If ever there was a good time for Indian companies to hit the IPO market, it is now. Equity capital markets have been snowballing over the past few months and investor appetite is only showing signs of strengthening.
Names such as Equitas Holdings and Mahanagar Gas have been on the receiving end of hungry investors. The former racked up Rp22.5bn ($335.1m) in April after pricing its IPO — the first from a small finance bank — at the top of guidance. Mahanagar also priced at the top end, raising Rp10.4bn in June after securing a 65x subscribed book. And more recently this month, staffing solutions firm Quess Corp found its Rp4bn IPO 147x subscribed.
The subscription numbers are certainly exciting and while they show the rising confidence among investors, buyers are not drawn to every Indian stock. More than anything, the success of recent IPOs shows that bankers and issuers are quickly learning the best way to entice investors — by being practical in their approach to valuations.
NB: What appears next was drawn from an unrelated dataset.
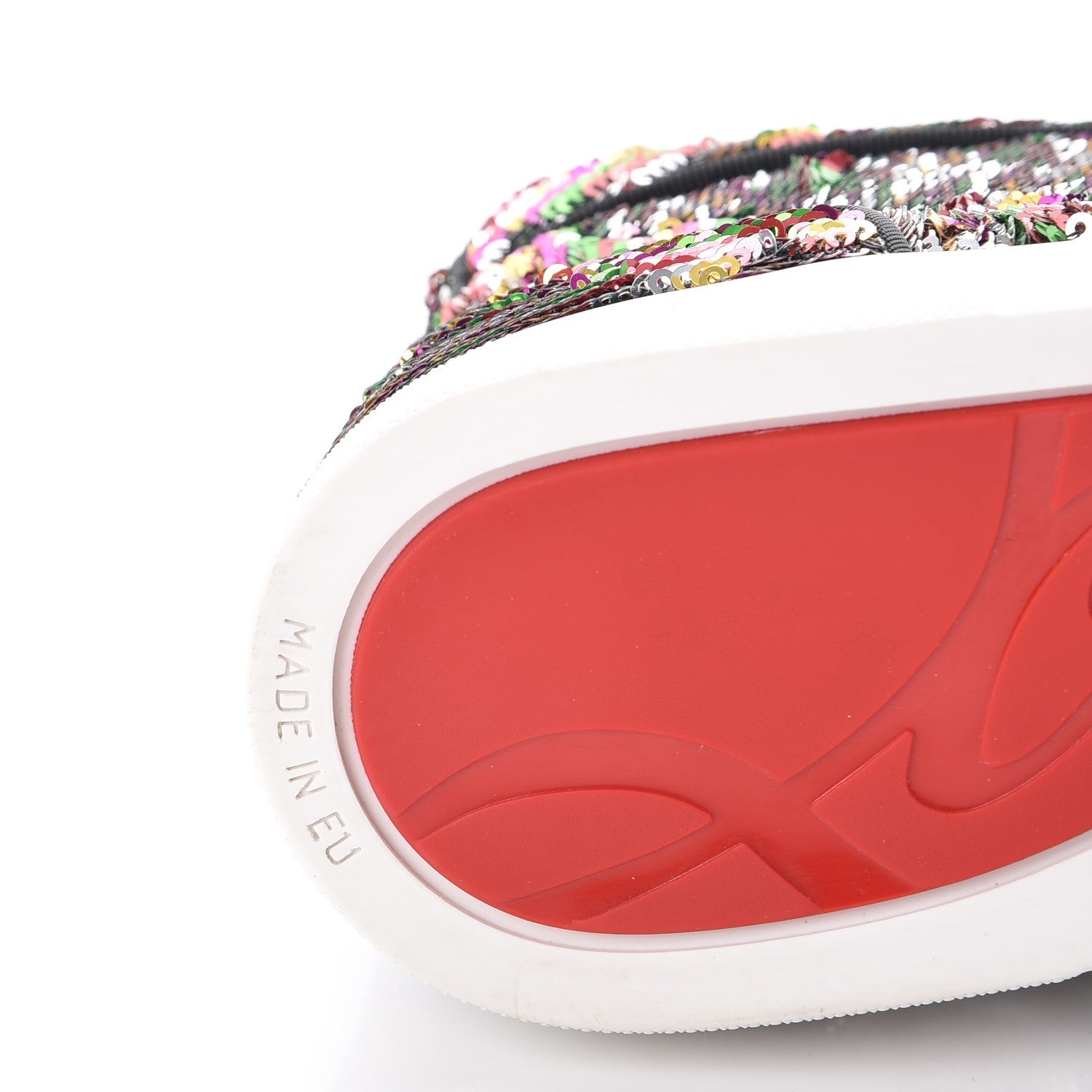 Christian Louboutin Metallic Sequin Bip Bip Orlato Flat Sneakers 38 Multicolor 9 of 12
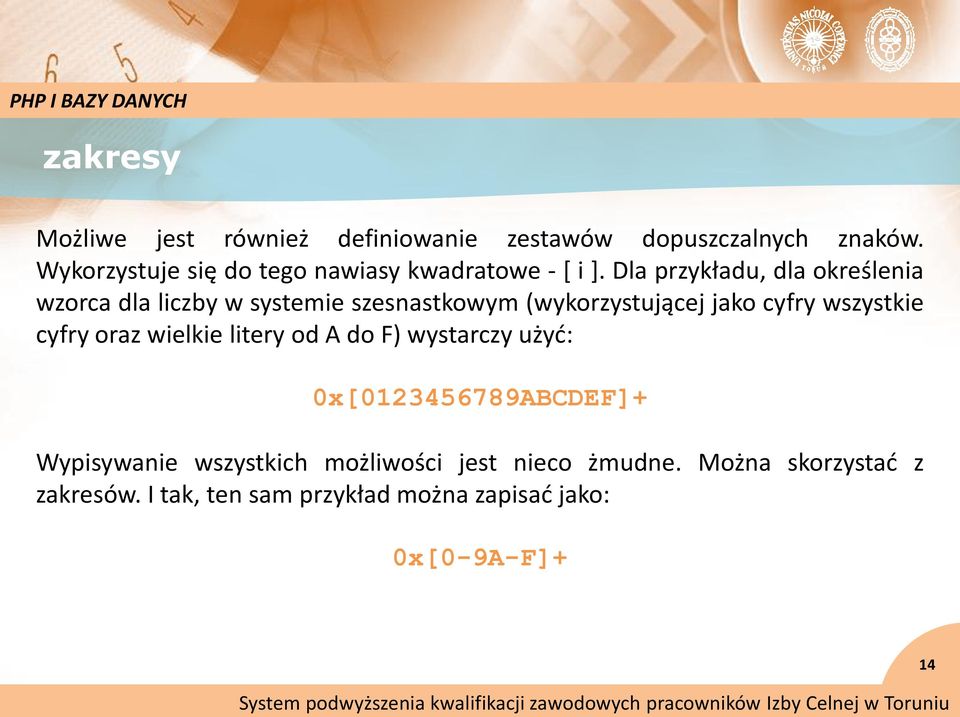 Dla przykładu, dla określenia wzorca dla liczby w systemie szesnastkowym (wykorzystującej jako cyfry wszystkie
Take Larsen & Toubro subsidiary L&T Infotech’s recent listing. The issuer left something on the table for investors when pricing its IPO last week, offering a 12x 2016 P/E valuation compared to its peers’ 13x 2016 P/E. Needless to say, the company drew enough demand for its float to be nearly 12x subscribed.
It’s this generosity that is wooing investors into transactions. So much so that investors have started showing interest in deals on the first day of bookbuilding, in some cases with books fully subscribed on day one. This is unusual in Indian IPOs, where more often than not orders are absent until a rush comes in at the very end of the process.
More importantly, recent Indian trades have been able to attract more than just institutional accounts. Retail investors, who typically drive the aftermarket in India and are viewed by bankers as more savvy than their counterparts in other Asian countries, have also been eager not to miss the boat. The retail tranche in L&T’s float was 7.4x covered, while Mahanagar Gas saw a similar number of orders come in.
The shift is down to the fact that issuers are somewhat tempering their valuation expectations and learning from the outcomes of some of the year’s earlier deals.
Many early IPOs saw the retail portion either undersubscribed or ending up with a relatively lukewarm response both in primary and secondary. HealthCare Global Enterprises, for instance, tumbled 22% in its debut in March after sealing a Rp6.5bn IPO that was priced at the top end. This was despite non-institutional investors only subscribing for 0.43x of their allotment and retail investors 0.83x.
Meanwhile, Parag Milk Foods had to extend the bookbuilding period on its May IPO and revise down the price range to pull in enough demand for the offering. It eventually raised Rp7.4bn, but also plunged 10% following its trading debut, with the final valuation viewed as aggressive by many.
In contrast, Infibeam, Equitas and Mahanagar are well above their issue prices, having offered a decent discount to investors in primary in a bid to keep the momentum strong in the aftermarket.
By offering a chance of attractive returns in secondary trading by being realistic in the primary stage, issuers are hooking every investor base.
Overall, investor sentiment in India’s equity capital markets is firmly risk-on and the window for issuance is open. And the good run should continue for some time as long as issuers stay disciplined and do not try to price at a level that could cost the market dear.